Limitations & Future Work

  • Has not yet explored large-scale scaling exceeding 3x parameters. In practice, extensively increasing layer quantity typically requires coordination with width-wise scaling.
  • Study on MoE models is still in the preliminary stage (determining router weights for predicted layers is difficult).
  • Inter-layer continuity patterns are currently visualized mainly on gate_proj via t-SNE; other parameter matrices may reveal patterns using more advanced analytical methods.
  • Co-scaling with width expansion methods is unexplored.
  • LLaMA Pro (Wu et al., 2024) and SOLAR (Kim et al., 2023) are the two major depth scaling-up baselines.
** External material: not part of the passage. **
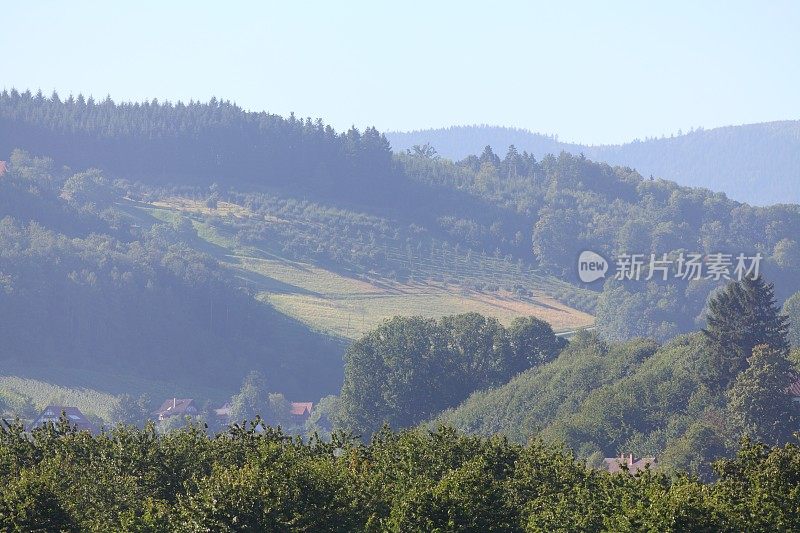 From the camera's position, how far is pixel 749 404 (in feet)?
350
  • Net2Net (Chen et al., 2015) and LiGO (Wang et al., 2023) represent width scaling-up methods.
  • SVD has been utilized in model compression and model merging; applying it to analyze inter-layer relationships in this paper represents an innovative perspective.
  • Food for thought: Can similar inter-layer pattern discovery methods be applied to model pruning (as an inverse operation)?

Rating

  • Novelty: ⭐⭐⭐⭐ — Inspiring approach for SVD-based pattern discovery combined with learnable scaling.
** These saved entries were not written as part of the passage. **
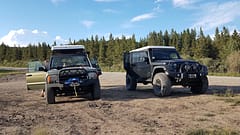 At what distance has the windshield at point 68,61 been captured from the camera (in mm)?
13109

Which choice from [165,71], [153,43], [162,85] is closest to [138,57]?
[165,71]

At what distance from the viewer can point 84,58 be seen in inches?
533

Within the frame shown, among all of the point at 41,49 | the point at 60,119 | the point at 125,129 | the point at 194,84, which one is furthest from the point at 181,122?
the point at 41,49

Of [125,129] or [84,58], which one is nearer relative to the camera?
[125,129]

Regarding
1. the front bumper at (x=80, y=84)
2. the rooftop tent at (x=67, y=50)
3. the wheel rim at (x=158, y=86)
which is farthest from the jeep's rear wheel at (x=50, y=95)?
the wheel rim at (x=158, y=86)

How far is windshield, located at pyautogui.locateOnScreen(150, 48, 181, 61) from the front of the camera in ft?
47.1

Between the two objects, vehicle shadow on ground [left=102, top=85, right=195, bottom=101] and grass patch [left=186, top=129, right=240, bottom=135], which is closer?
grass patch [left=186, top=129, right=240, bottom=135]

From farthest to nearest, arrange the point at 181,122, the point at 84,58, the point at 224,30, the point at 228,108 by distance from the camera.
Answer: the point at 224,30 < the point at 84,58 < the point at 228,108 < the point at 181,122

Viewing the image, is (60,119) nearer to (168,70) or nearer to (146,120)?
(146,120)

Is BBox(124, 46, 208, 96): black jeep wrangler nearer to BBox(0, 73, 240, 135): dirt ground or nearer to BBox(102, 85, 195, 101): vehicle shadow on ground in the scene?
BBox(102, 85, 195, 101): vehicle shadow on ground

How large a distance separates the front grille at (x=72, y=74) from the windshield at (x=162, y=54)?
3.67 meters

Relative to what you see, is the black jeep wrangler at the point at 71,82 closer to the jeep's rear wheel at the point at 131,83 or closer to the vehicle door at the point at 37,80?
the vehicle door at the point at 37,80

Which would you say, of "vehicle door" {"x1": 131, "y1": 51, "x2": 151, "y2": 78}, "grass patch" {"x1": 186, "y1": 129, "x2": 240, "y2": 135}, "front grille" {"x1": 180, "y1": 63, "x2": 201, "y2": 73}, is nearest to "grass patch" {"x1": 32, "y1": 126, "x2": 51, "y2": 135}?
"grass patch" {"x1": 186, "y1": 129, "x2": 240, "y2": 135}

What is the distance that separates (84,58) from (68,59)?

  • Experimental Thoroughness: ⭐⭐⭐⭐⭐ — Highly comprehensive ablation studies, validated across different models and domains.
  • Value: ⭐⭐⭐⭐⭐ — Extremely low cost with remarkable performance improvements, ready for practical LLM scaling-up training.
  • Writing Quality: ⭐⭐⭐⭐ — Well-structured, logical, and accompanied by detailed diagrams.